Records supplied ::
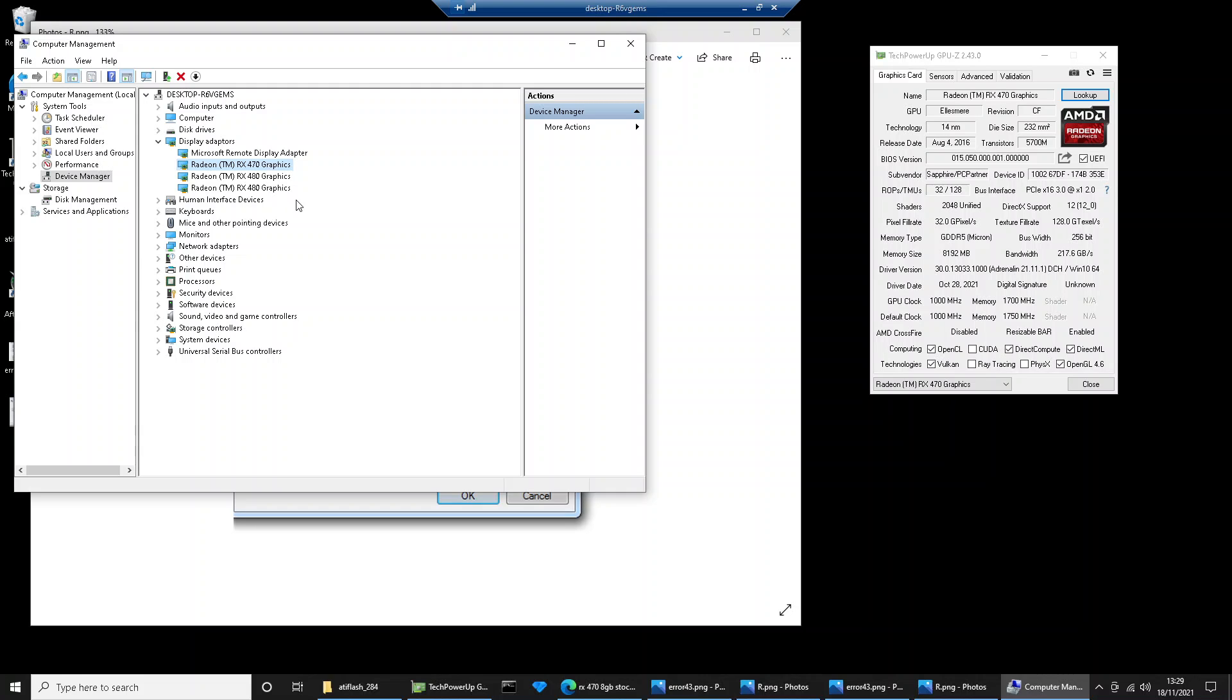And after you've restarted, wait a couple of minutes because it takes a couple of minutes sometimes to refresh the driver.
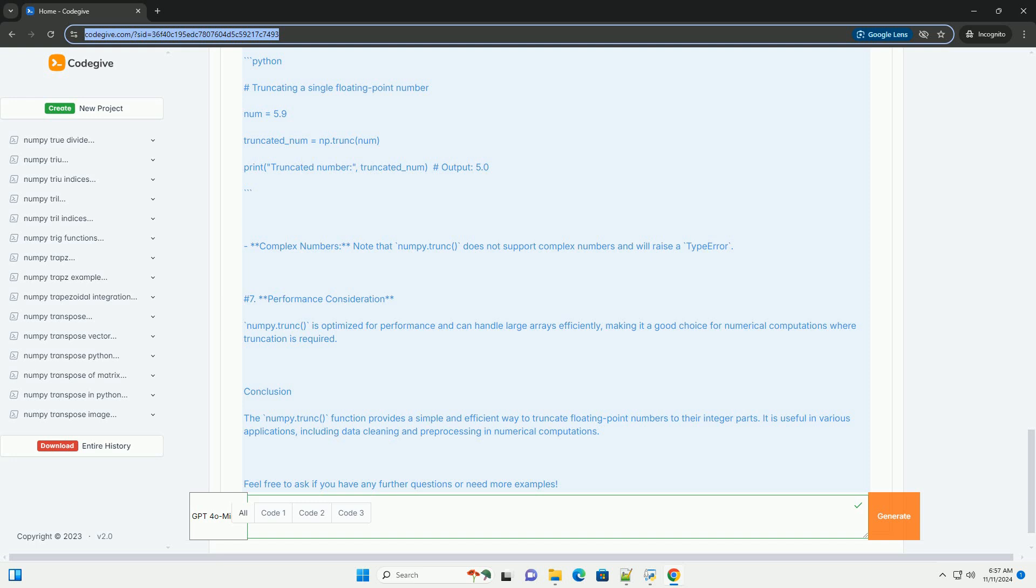Behavior with different data types: Scalars - numpy.trunc can also be used directly on scalar values. Complex Numbers - Note that numpy.trunc does not support complex numbers and will raise a type error.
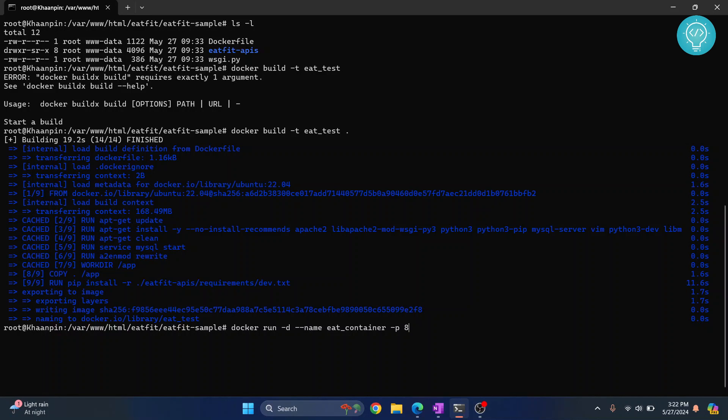Let's say our application inside the container will be running on port 8000. In that case, we will map 8000 of our host to the port 8000 of our container. Whatever traffic the host will receive on 8000 will be forwarded to the container on port 8000. And then just write the image name, which is eat_test.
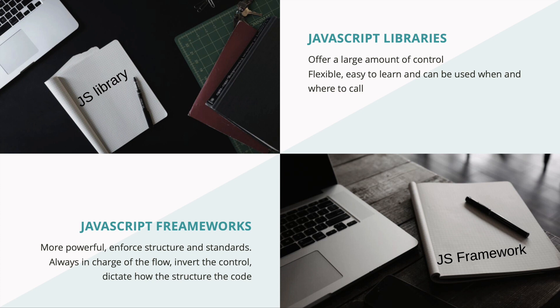It tells you what it needs and then decides when it needs it. They dictate how to structure the code. You plug in your code into a framework and it inverts the control.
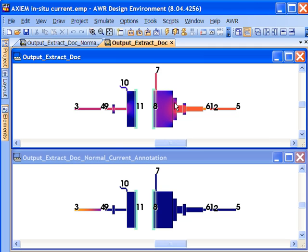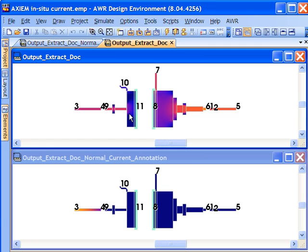In contrast, you can see that with the in-situ current capability, the visualization of the animated current that Axiom provides us, we can actually load down these ports with the precise impedances that are being experienced within the circuit as well as driving this with a non-linear source. What you see here is that the current is extremely high compared to what we would see in the idealized situation.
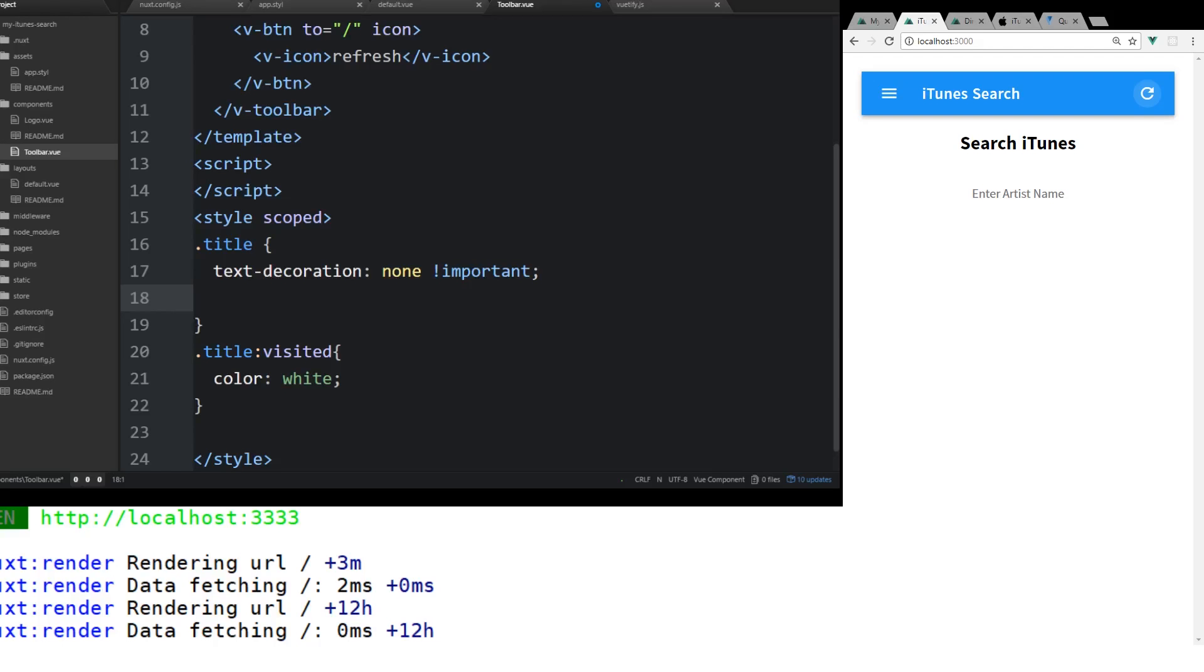Hey developers, welcome to part 2 of our NuxtJS app. We are creating an iTunes search app and we're using Vuetify and Axios. We're going to use a little bit of Vuex.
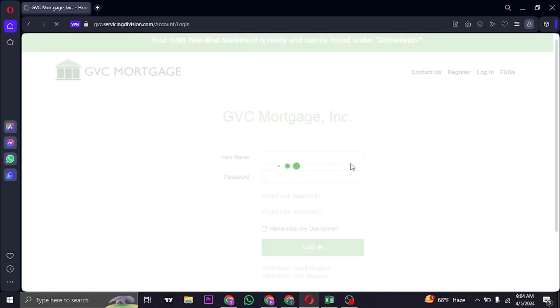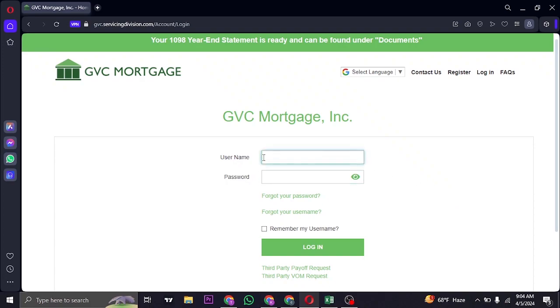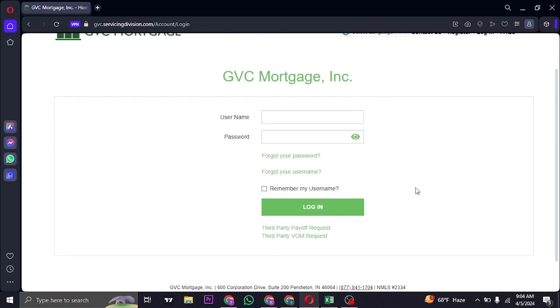If you open up this website, you'll be directly taken to the login section of GVC Mortgage. To log into your account, you'll need to type in your username and the password that you created while signing up.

Task ::
An exact copy is needed of the entries above, starting at the line that holds "It tells you" and stopping at the line that holds "Hey developers, welcome", both kept; pictures stay out.

Response to the task ::
It tells you what it needs and then decides when it needs it. They dictate how to structure the code. You plug in your code into a framework and it inverts the control.
In contrast, you can see that with the in-situ current capability, the visualization of the animated current that Axiom provides us, we can actually load down these ports with the precise impedances that are being experienced within the circuit as well as driving this with a non-linear source. What you see here is that the current is extremely high compared to what we would see in the idealized situation.
Hey developers, welcome to part 2 of our NuxtJS app. We are creating an iTunes search app and we're using Vuetify and Axios. We're going to use a little bit of Vuex.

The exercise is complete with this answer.